Freiburg and the Breisgau in the Peasants' War


Organization, execution, and consequences of peasant violence against castles, towns, and monasteries 1524/1525

Red Baron blogged about the Peasants' War before, and there is no end to it yet. This two-day conference was highly professional and too specialised for a physicist. Still, I found two lectures devoted to Freiburg.


The evening before the conference proper, aimed to present a history book: The Peasants' War in Freiburg and the Breisgau. A reader on the history of a crisis. This book, written by experts, formed the basis for the lectures of the following two days.


A lecture followed the book presentation: Punishing and Killing - Excessive Violence in the Peasants' War.
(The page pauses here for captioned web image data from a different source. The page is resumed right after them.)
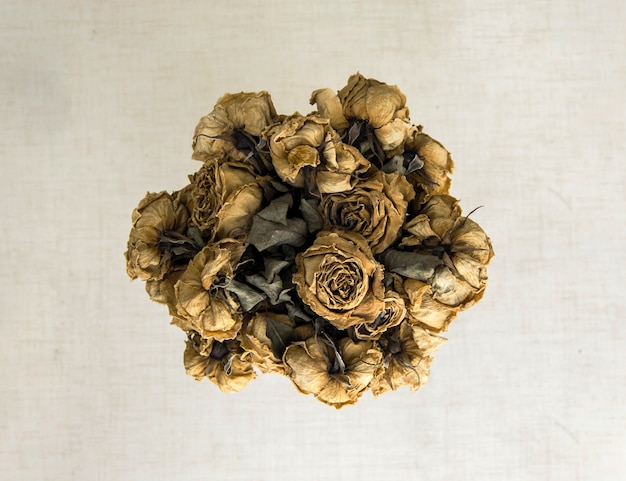 Photo dead bouquet of roses wither dry.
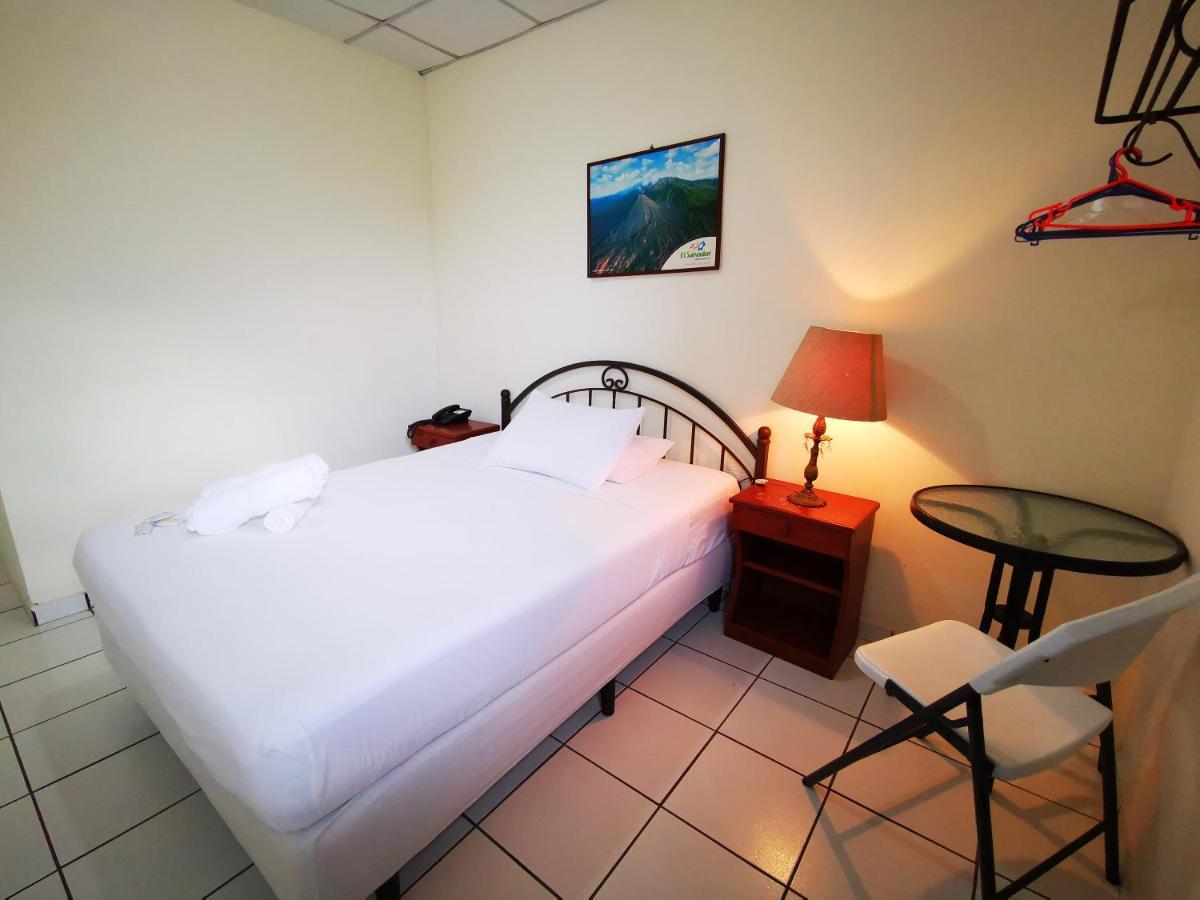 Hotel Armonia Hostal San Salvador Exterior foto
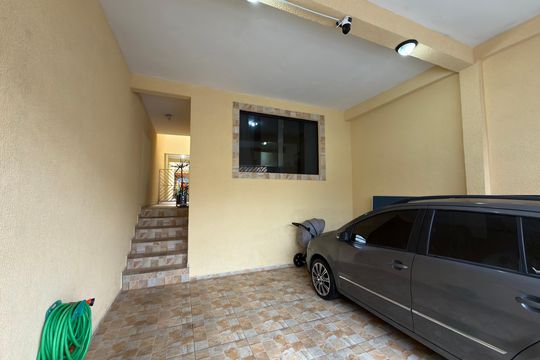 Garagem de casa à venda com 3 quartos, 190m² em Montanhão, São Bernardo do Campo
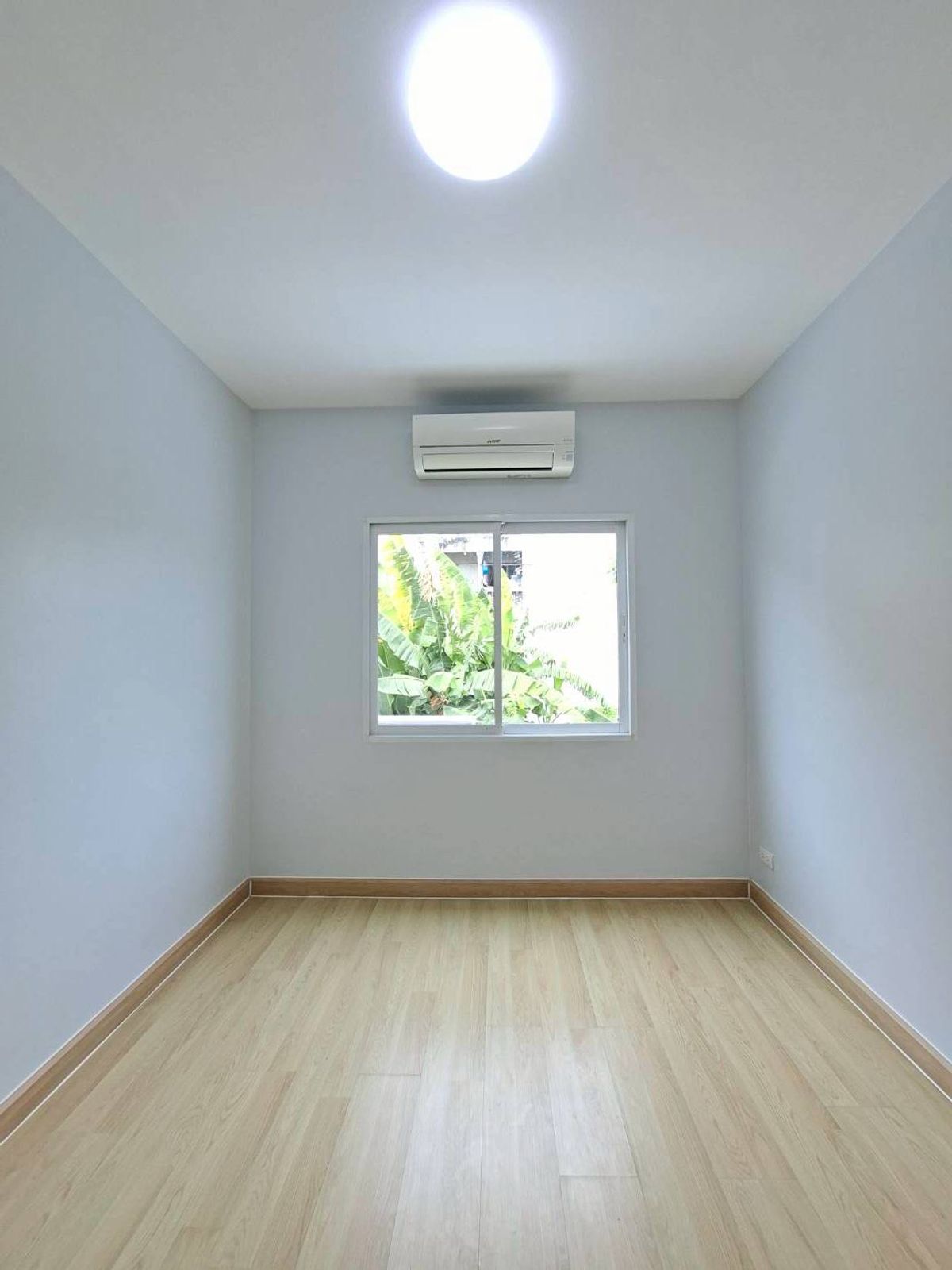 For RentSamut Prakan,Samrong : Twin house for the Village, The Village Exclusive Bang Na Km. 10, ready (N.1745)
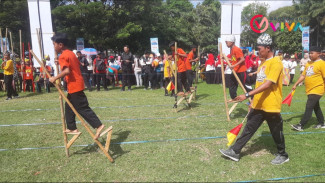 Egrang, Permainan Tradisional yang Nyaris Punah Digerus Zaman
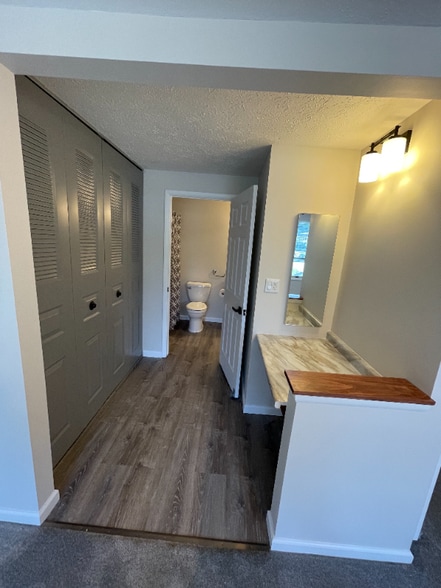 Building Photo - 231 Shady Ridge Dr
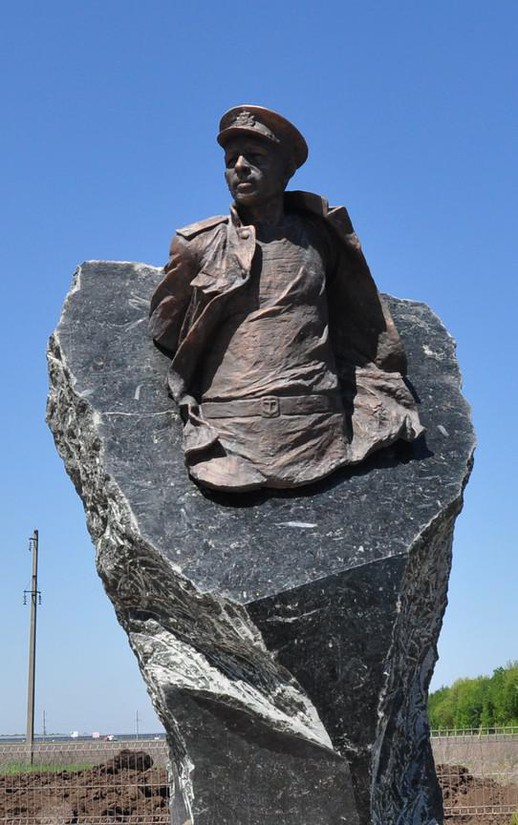Памятник  Александру  Маринеско.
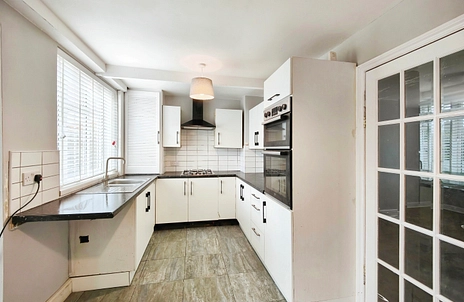 3 bedroom house to rent - Station Road, Great Billing, Northampton, NN3 - Property View 3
There was looting, arson, rape and the occasional homicide on the part of the peasants, but the reaction of the authorities was excessive.

What held the authorities back from a general massacre of the peasants was that they were needed for food production.

A letter from the patrician and Nürnberg councillor Caspar Nützel to AlbrechtFriedrich of Prussia documents the authorities' overreaction, "... I do not think that anyone with any sense can deny how unjustly, unchristianly and even too excessively the authorities have torn the hair of their subjects, whom they are supposed to shepherd, provide for, govern and not oppress. Whether the punishment they inflict by disemboweling, burning, taking their possessions, driving them into misery making widows and orphans, and other cruel persecutions or even imposing penalties on the guilty and the innocent without any prior truthful inquiry and hearing of their answers and excuses is in proportionate to the ignorant acts of the subjects, Your Reverend Grace, as a praiseworthy and understanding prince, has to judge*."
*Mark Twain wrote in A Connecticut Yankee in King Arthur's Court, "Whenever the literary german dives into a sentence, this is the last you are going to see of him till he emerges on the other side of his atlantic with his verb in his mouth."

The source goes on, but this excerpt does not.